Some oil traders and analysts doubt that. Their pessimistic forecasts of dwindling oil supplies have helped propel the current increase in prices, which pushed past $140 a barrel last week and seem to be heading higher.
....Starting in June 2009, the field will produce 1.2 million barrels a day, enough to satisfy the expected growth in global demand next year. The Saudis say they are investing more than $10 billion, with 26 contractors, 106 subcontractors and 28,000 employees. It is the largest piece of a five-year, $60 billion effort to expand oil production capacity at a time of fast-rising demand.
....Aramco officials acknowledged that they faced unusual challenges here, including a plan of daunting complexity in a tight contractor market. There are also risks: if the current high prices drive down demand, the Saudis could find their market for all this oil shrinking.
But they said they were on schedule or ahead of it, with the pipeline network 88 percent complete and the main processing plant 55 percent done. They also vehemently disputed the claims of oil-supply skeptics.

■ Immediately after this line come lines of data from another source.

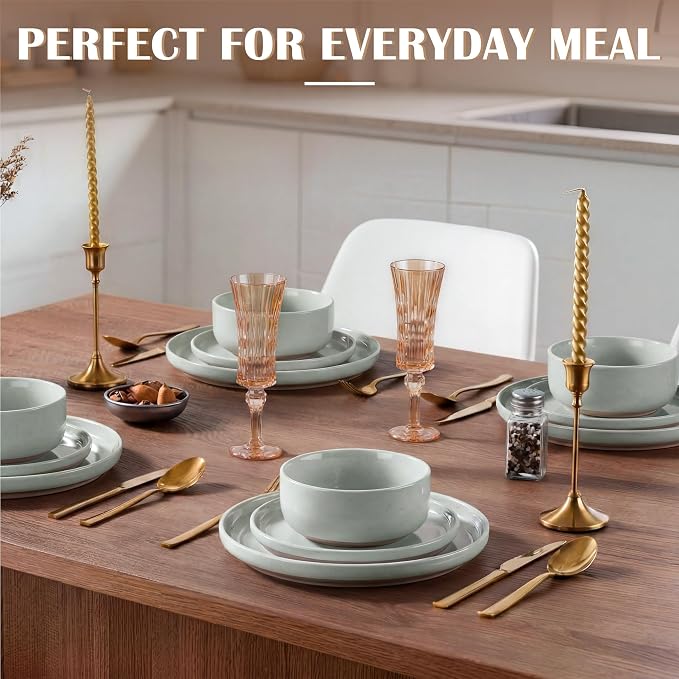 E-far Cereal Bowls Set of 4, 27oz Ceramic Deep Soup Bowls - Image 5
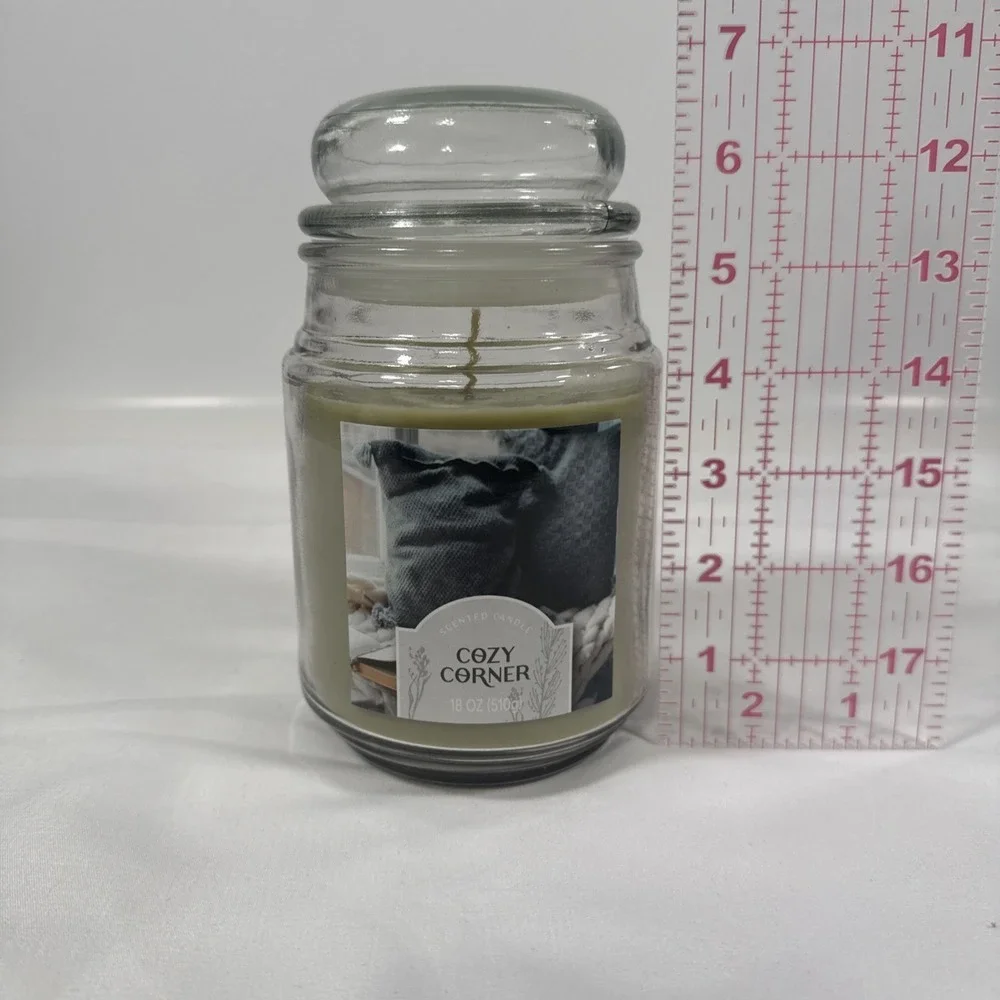 Star Candle Co Cozy Corner Scented Candle 18 oz Sage Green Glass Jar Single Wick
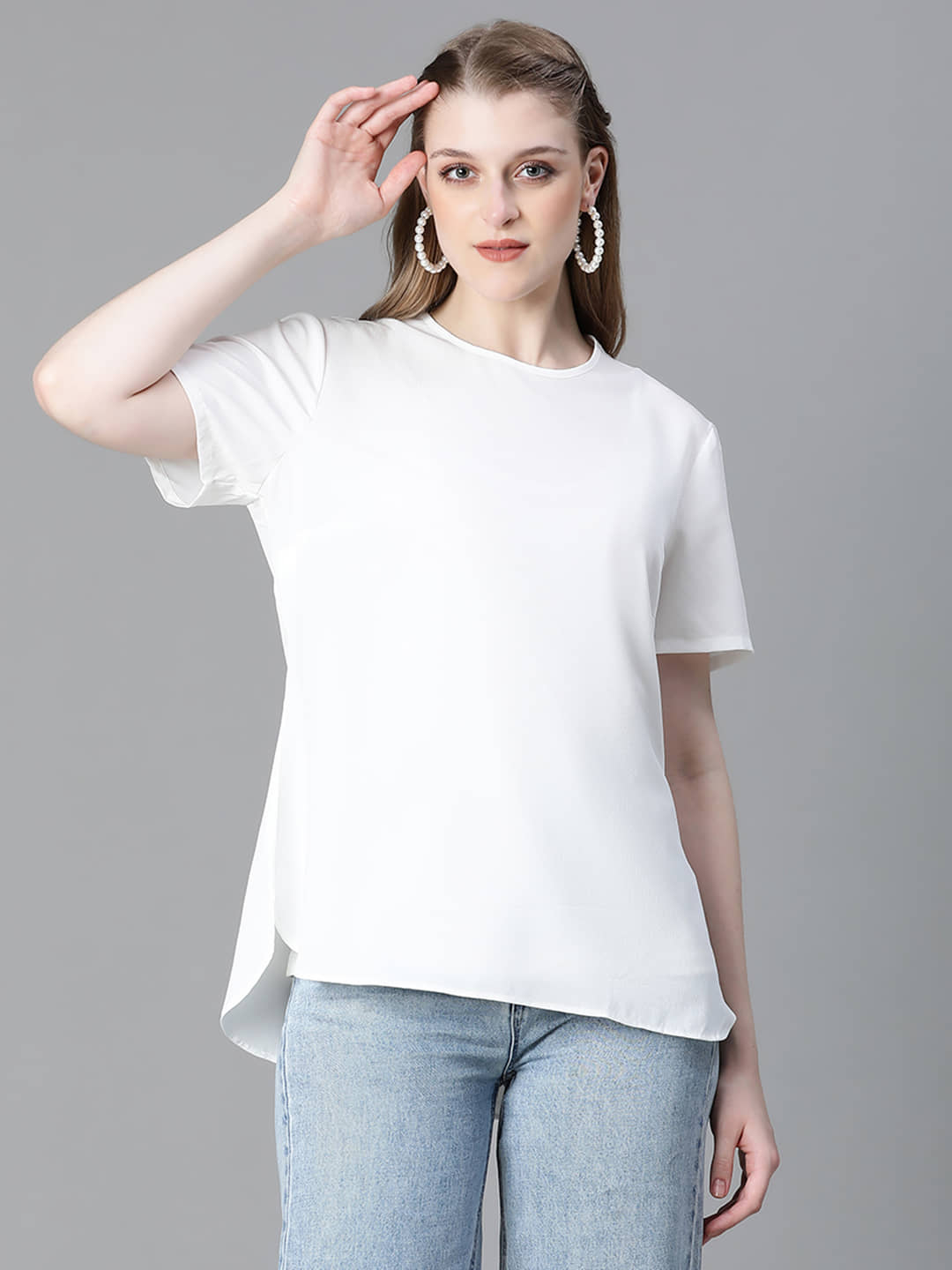 Oxolloxo Women's Polyester Regular Top ( White )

A variety of new technologies, including multiple lateral wells and microscopic robots swimming through rock pores deep underground, will allow the company to start recovering much more of the oil in its fields, said Mohammed Saggaf, who runs Aramco's advanced exploration research wing. The company expects to increase the amount of oil it can recover from its fields to 70 percent from 50 percent over the next 20 years, Saggaf said, adding another 80 billion barrels to reserves.
With all this oil becoming available, the Aramco officials said they were baffled that the market seemed to be behaving as though there were a shortage.
"We've asked all the international oil companies that buy from us if they want more oil," Nasser said. "But we can't find customers."